Omit the pictures, then write out every entry exactly as it reads.

### Given entries

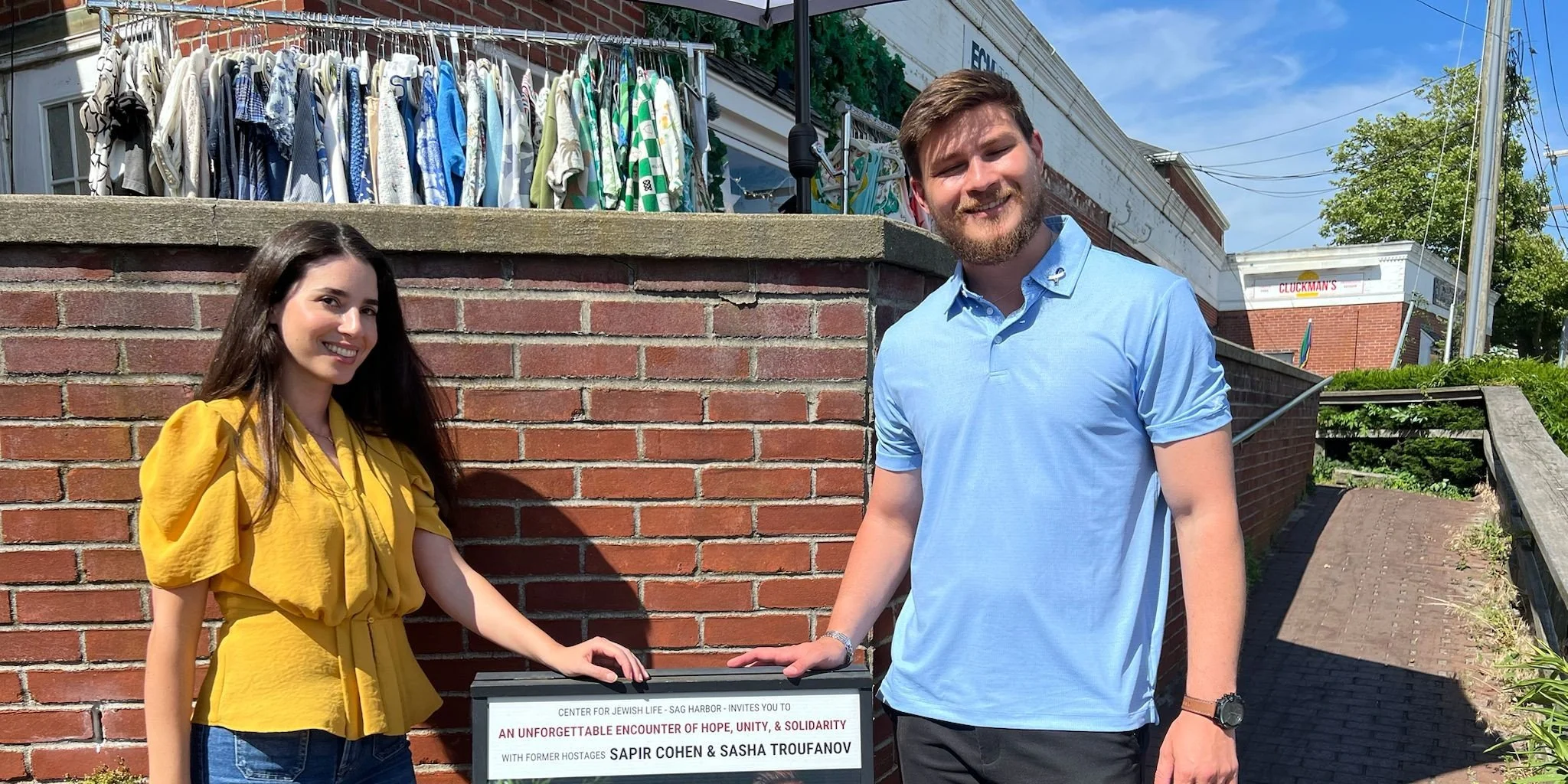 WhatsApp Image 2025-07-28 at 11.44.33_68b15124.jpg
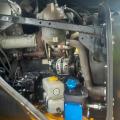 JCB 417 HT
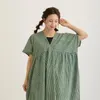商品画像 8 のサムネイル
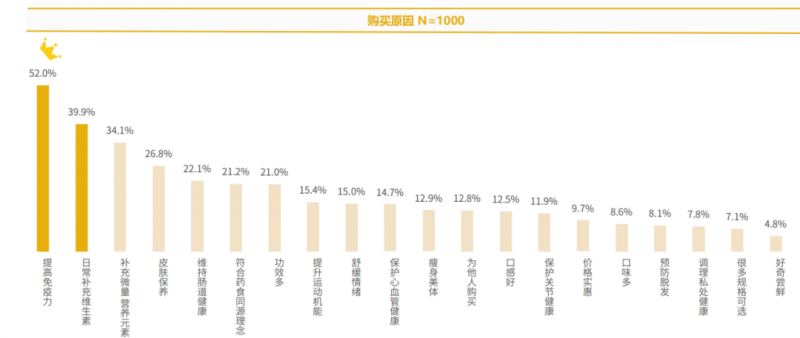 微信图片_20240625093410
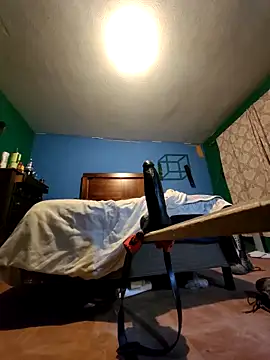 Ricorryxh online show from February 2026 03:40:01 AM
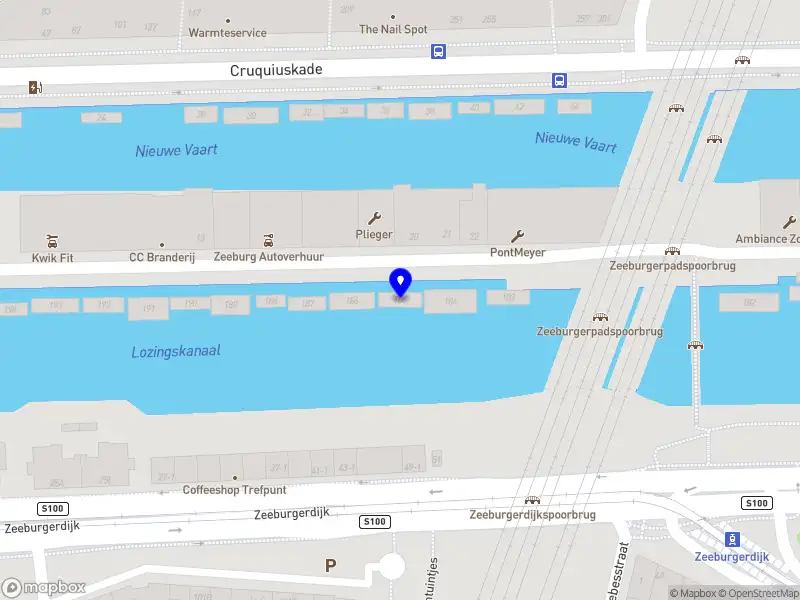 Danse Macabre Consultancy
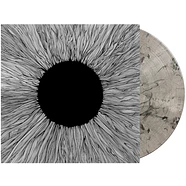 Vola - Witness - White & Black Marble Vinyl Edition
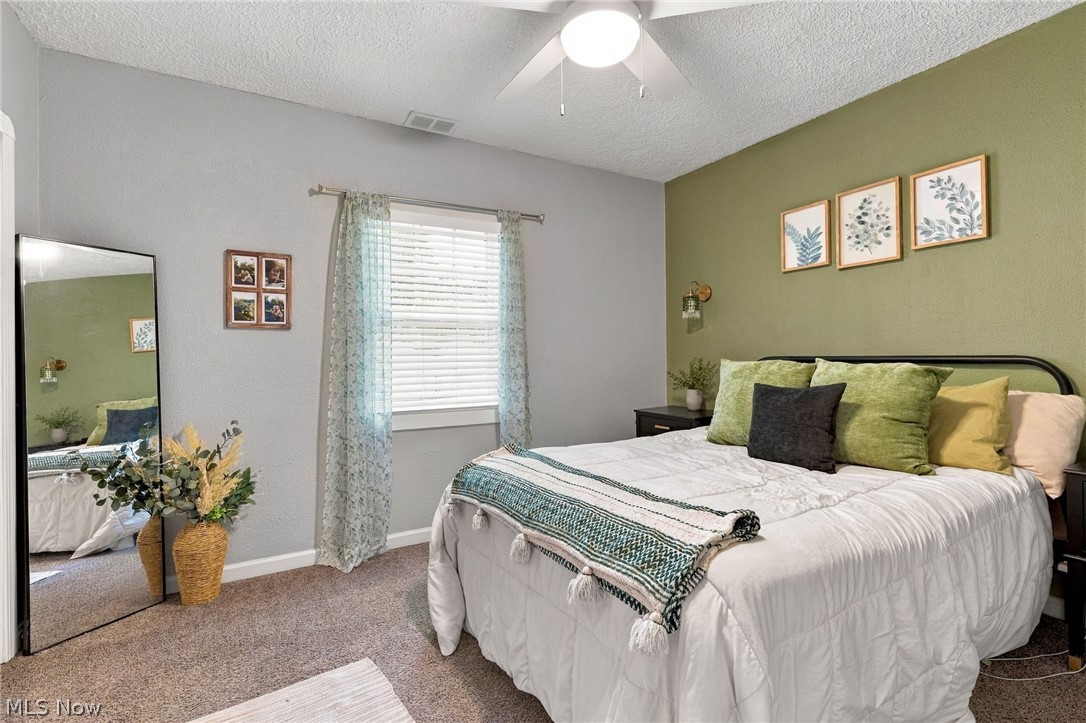 35958 Hiawatha Boulevard Eastlake OH 44095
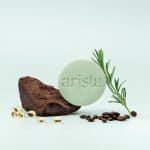 arista-stimulating-shampoo-bar-rosemary-coffee-ingredients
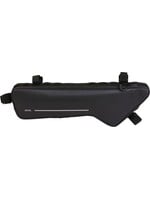 Zefal Zefal Z Adventure T3 Top-Tube Bag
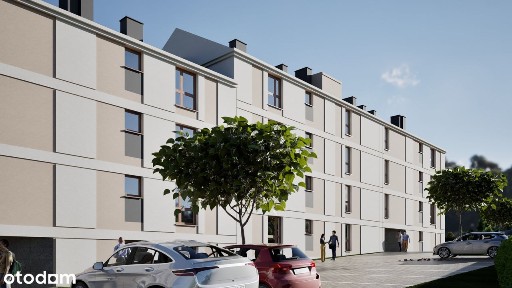 ul. Janusza Korczaka, Świdnica, świdnicki, dolnośląskie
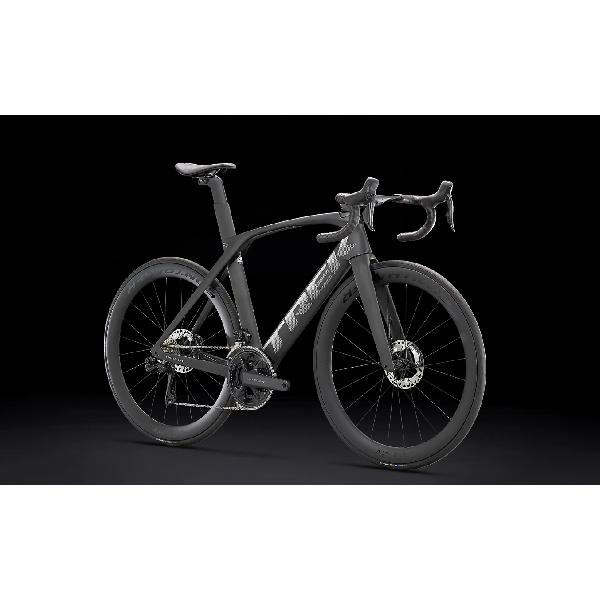 Trek Madone SLR 7 58 cm Ultegra Di2 12 speed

######

* _Final answer_:
 WhatsApp Image 2025-07-28 at 11.44.33_68b15124.jpg
 JCB 417 HT
商品画像 8 のサムネイル
 微信图片_20240625093410
 Ricorryxh online show from February 2026 03:40:01 AM
 Danse Macabre Consultancy
 Vola - Witness - White & Black Marble Vinyl Edition
 35958 Hiawatha Boulevard Eastlake OH 44095
 arista-stimulating-shampoo-bar-rosemary-coffee-ingredients
 Zefal Zefal Z Adventure T3 Top-Tube Bag
 ul. Janusza Korczaka, Świdnica, świdnicki, dolnośląskie
 Trek Madone SLR 7 58 cm Ultegra Di2 12 speed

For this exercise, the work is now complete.